Schematic view of the final gas sensing microsystem based on low-cost polymer microresonator. Credit: Qingyue Li et al.
Recent research from the University of Toulouse in France has shown that by manipulating 2-photon-polymerization 3D printing a low-cost vertical cavity surface emitting laser could be produced in only a few minutes. By optimizing the fabrication and lens design, sufficient surface quality and focal length were achieved.
In the study, published in the Journal of Optical Microsystems, the researchers aimed to create a compact optical microsystem to be used for the detection of ammonia gas.
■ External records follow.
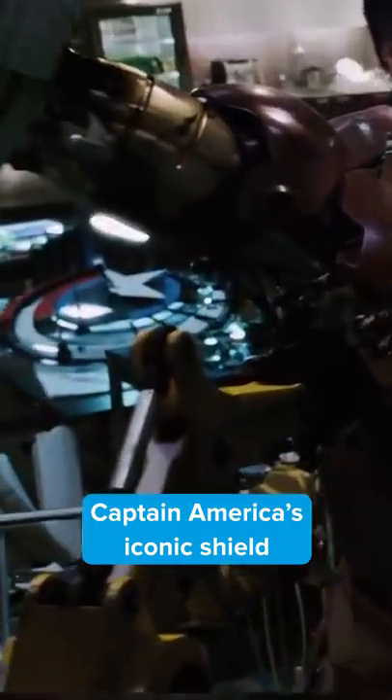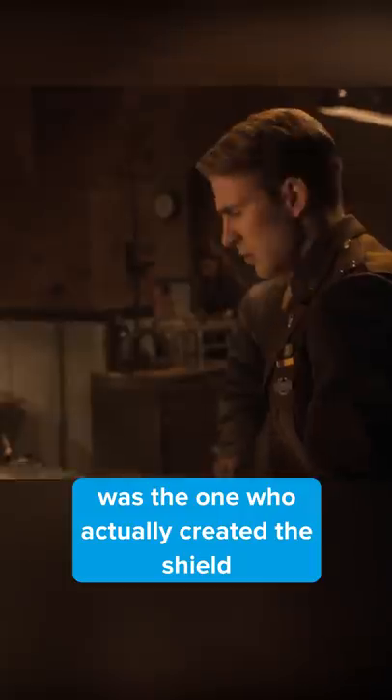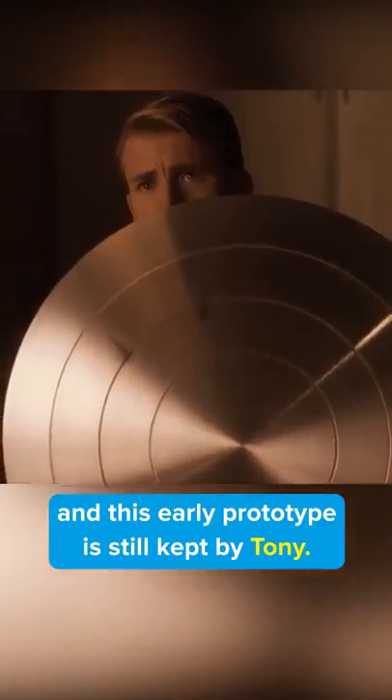Captain America's iconic shield can be seen on the work table, and it would actually be revealed in later films that Tony's father, Howard Stark, was the one who actually created the shield, and this early prototype is still kept by Tony.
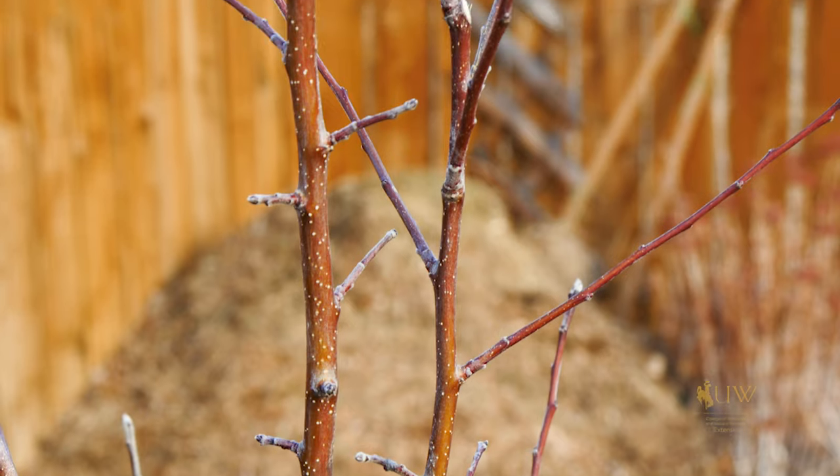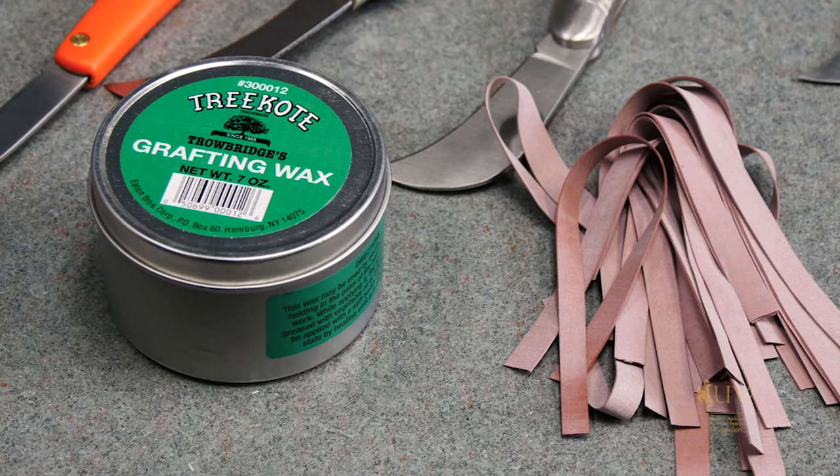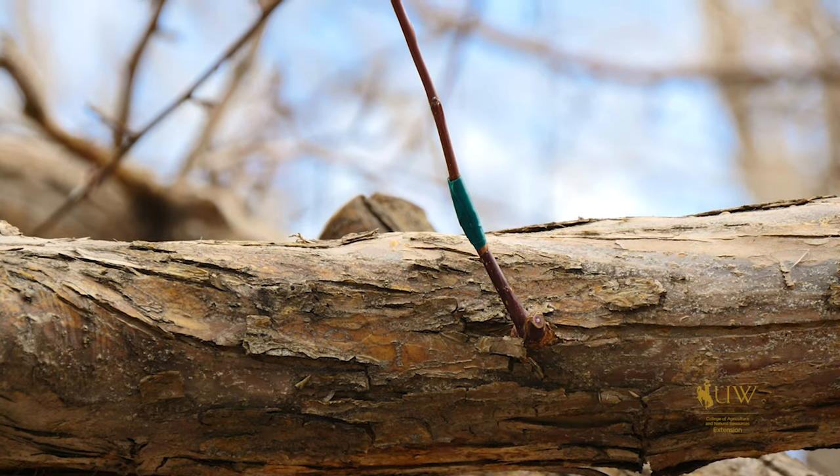We also need to think about other materials to help with grafting, whether it's wax or rubber bands. Sometimes these materials might get backordered and actually end up delaying the process for when we want to graft.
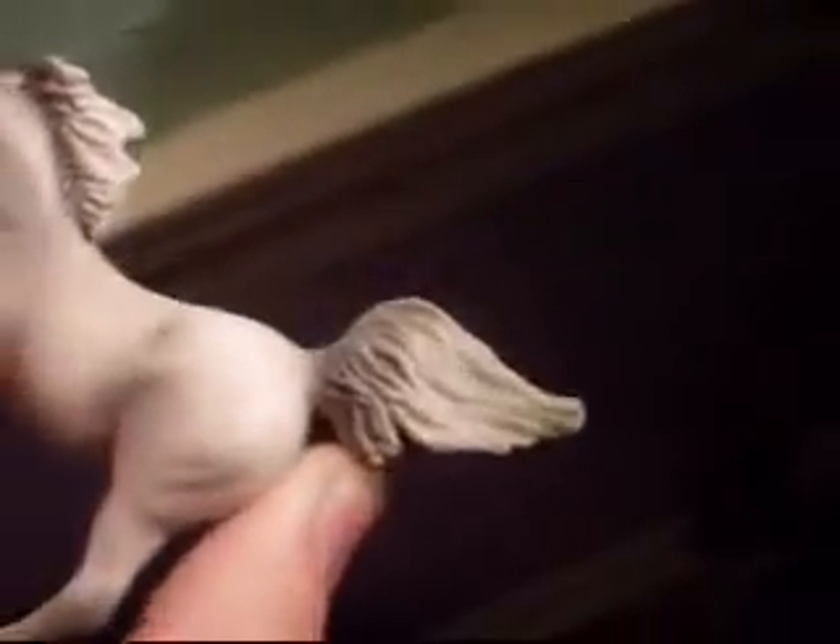I got from my brother the WEG Endurance Stablemate. It's my favorite of the WEG collection. I love the mold. It's actually a flea-bitten gray — Breyer did an amazing job on the paint job.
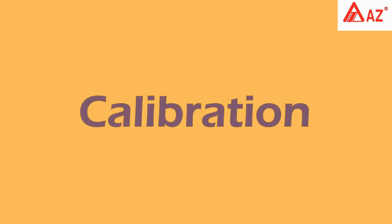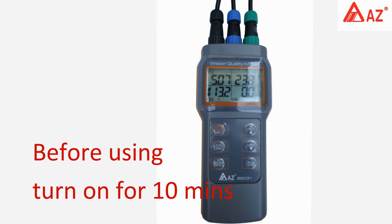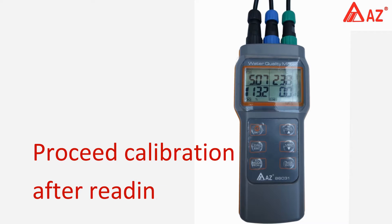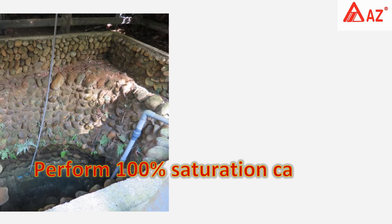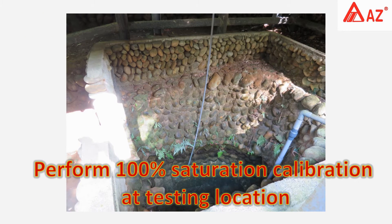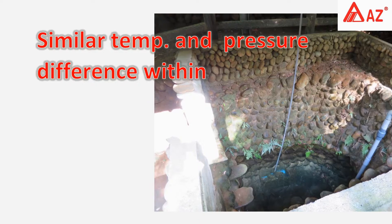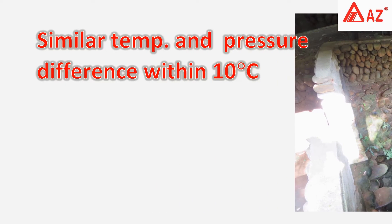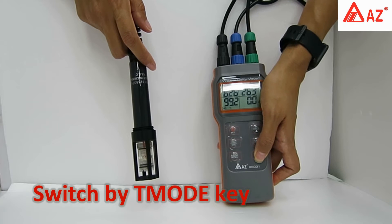Calibration for dissolved oxygen: before using, turn on the meter for 10 minutes, then proceed with calibration after the reading is stabilized. Before each operation, perform a 100% saturation calibration at the testing location, or in a similar temperature and pressure environment. Temperature difference should be within 10 degrees Celsius.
The researchers opted for a vertical cavity surface emitting laser, or VCSEL, for its compact size and tunability by adjusting the operating current. Despite its compact size, the beam divergence of the VCSEL chip is too large for most applications in optical microsystems.
To remedy this, the researchers utilized 2-photon-polymerization 3D printing to fabricate a microlens. With a single-step fabrication process and a write time of just 5 minutes, the fabrication process represents an economical way to rapidly produce lenses. By optimizing the lens design and fabrication methodology, the researchers were able to optimize the lens to a beam spot size of only 55µm, well below the 100µm threshold needed for optimal detection area coupling.
The research paves the way for optimization of laser chips to be used for optical sensing systems. They intend to further their work by optimizing the final device for optical gas sensing applications. They also intend to further explore the application of 3D femtosecond laser printing in VCSEL chip applications as well as other optical microsystem applications.